Economists use models to analyze an economy with high-accuracy. A model is a theoretical framework that attempts to describe certain aspects of a real-world economic problem. The framework is usually based on mathematics, and most models make several assumptions about how people behave and how the modeled economy operates. Models allow economists to simplify complex problems to the point where they can be analyzed so that useful observations or predictions can be made.

Importantly, models are not intended to perfectly represent reality (see Assumptions Economists Make). Experimental results have often found that some of the most basic assumptions of economics do not hold true for large percentages of the population. On one hand, a model based on incorrect assumptions should be closely scrutinized to ensure those assumptions aren't returning results that don't hold in the real world. On the other hand, a model that is extremely accurate at making correct predictions about economic problems is useful whether or not its assumptions are fully correct.

Methodology[edit | edit source]

Economics is a social science. Many aspects of the scientific method are incorporated into how economists do their work. Hypotheses are developed from observations. Data is used to test hypotheses. A proven hypothesis is used to make predictions. Economics is not exactly like a "hard science", though. Most economic hypotheses are tested using observational data, not controlled experiments.

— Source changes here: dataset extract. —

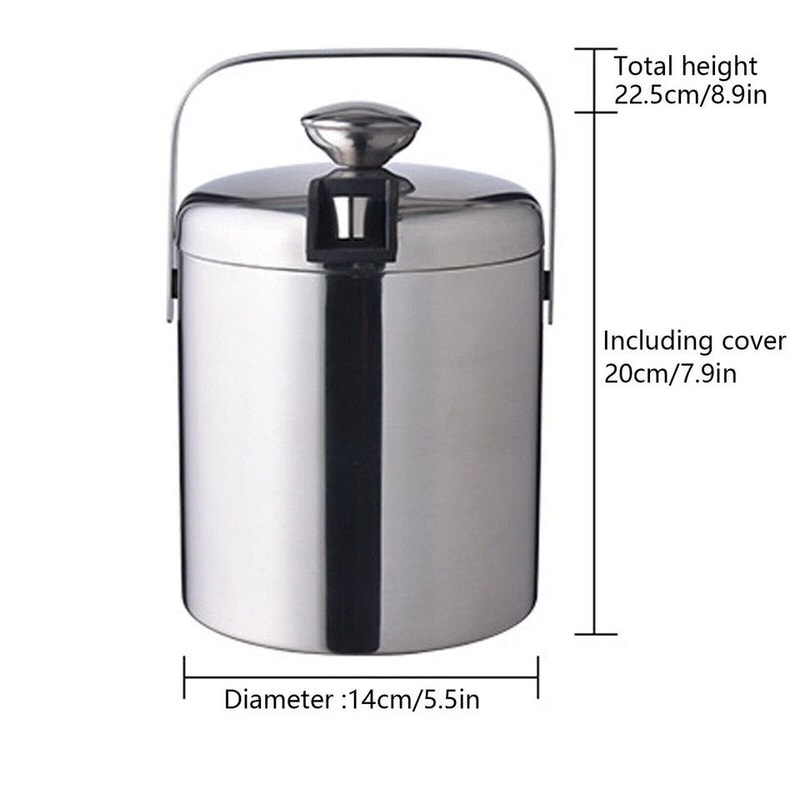 Double Wall Stainless Steel Insulated Ice Bucket With Lid And Tongs 2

Behavioral and experimental economics are emerging subfields which attempt to use controlled experiments to test economic theories, but many theories do not lend themselves well to controlled experiments.

Economists both develop theory and apply theory to economic problems. A theoretical economist creates a model to explain an economic problem. An applied economist uses data to explain an economic problem. Many economists both develop theory and solve applied problems, and applied economists use aspects of existing theory when formulating their hypotheses, developing predictions, or determining cause-and-effect relationships.